**What you have to do**
Copy out every line of the data where the word "bifasica" is found.

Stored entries
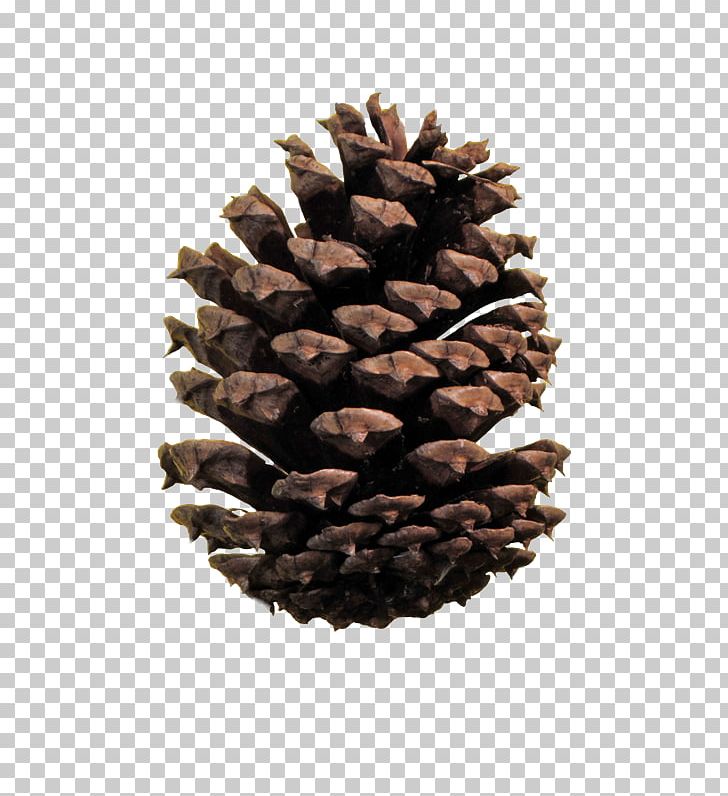 Conifer Cone Portable Network Graphics File Formats Stone Pine PNG, Clipart, Austral Pacific Energy Png Limited, Cone, Conifer, Conifer Cone, Conifers Free PNG Download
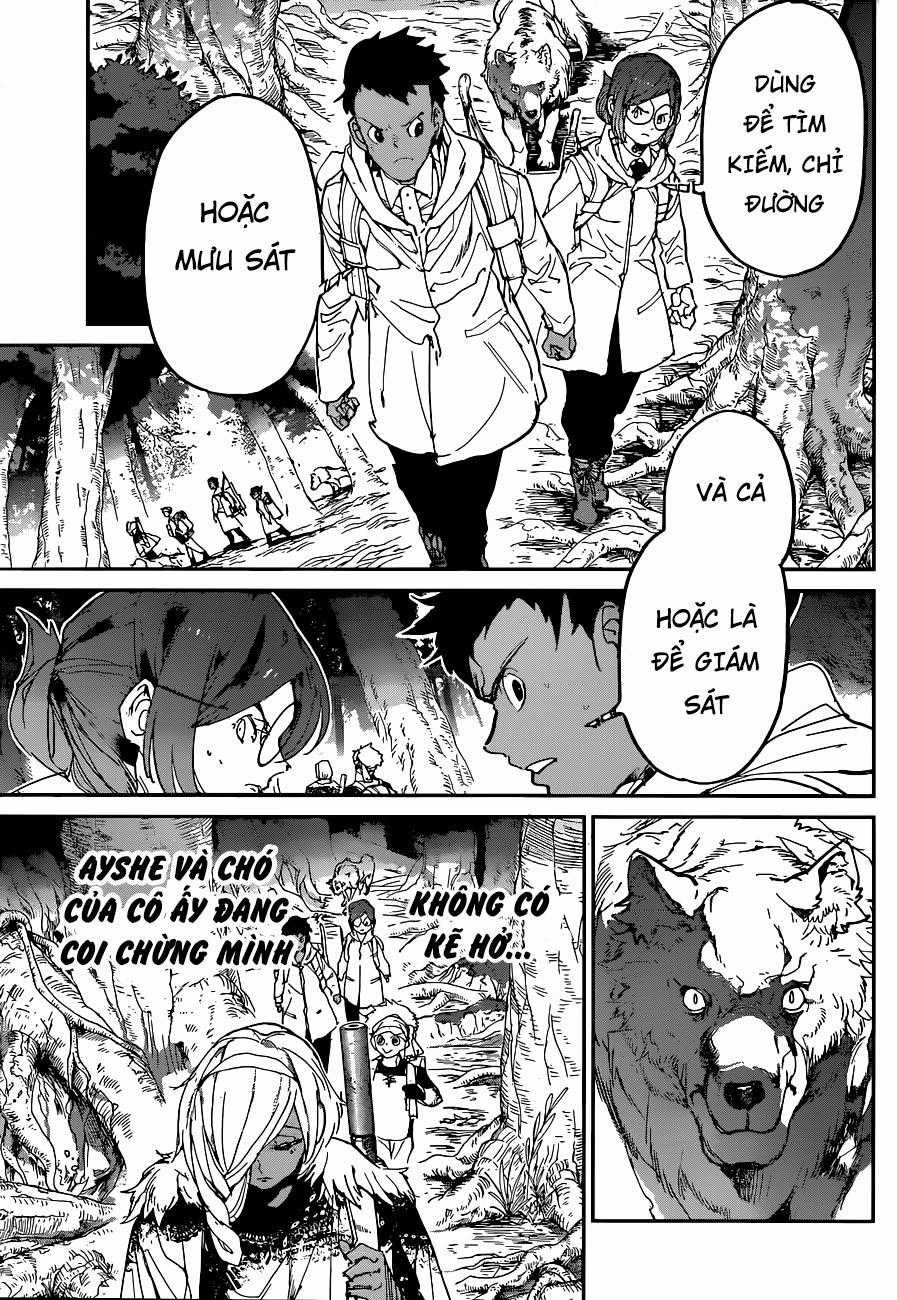 The Promised Neverland - Chapter 138 - Trang 12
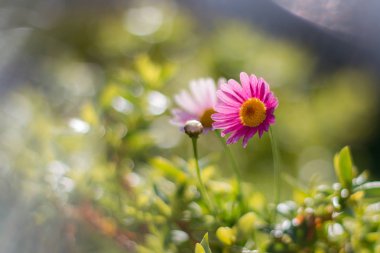 Pembe çiçek açan papatya çiçekler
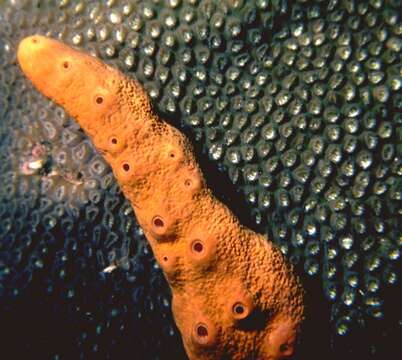 Image of brown tube sponge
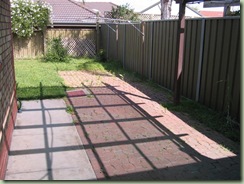 IMG_0371 (Medium)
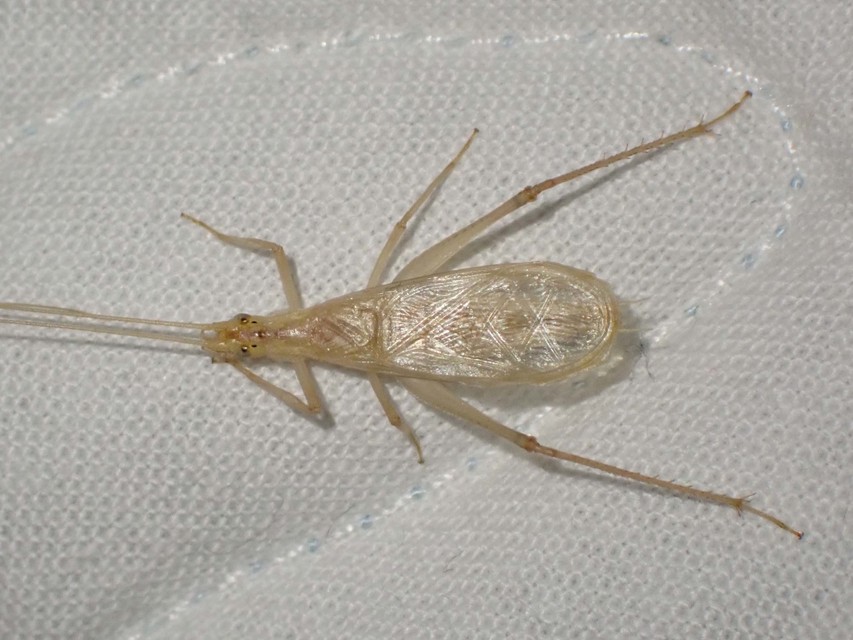 Oecanthus pellucens - pirregőtücsök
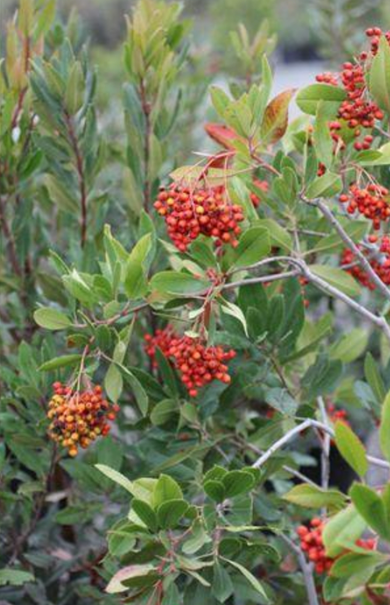 Toyon / Elderberry Add - Custom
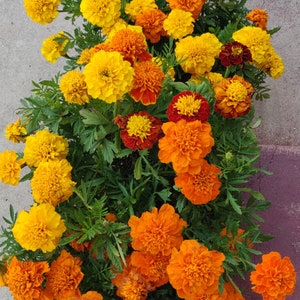 Marigold live Plant , No GMO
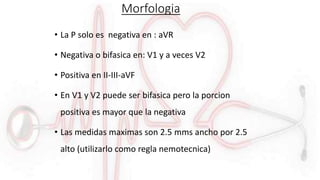 Morfologia
• La P solo es negativa en : aVR
• Negativa o bifasica en: V1 y a veces V2
• Positiva en II-III-aVF
• En V1 y V2 puede ser bifasica pero la porcion
positiva es mayor que la negativa
• Las medidas maximas son 2.5 mms ancho por 2.5
alto (utilizarlo como regla nemotecnica)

**Solution below**
• Negativa o bifasica en: V1 y a veces V2
• En V1 y V2 puede ser bifasica pero la porcion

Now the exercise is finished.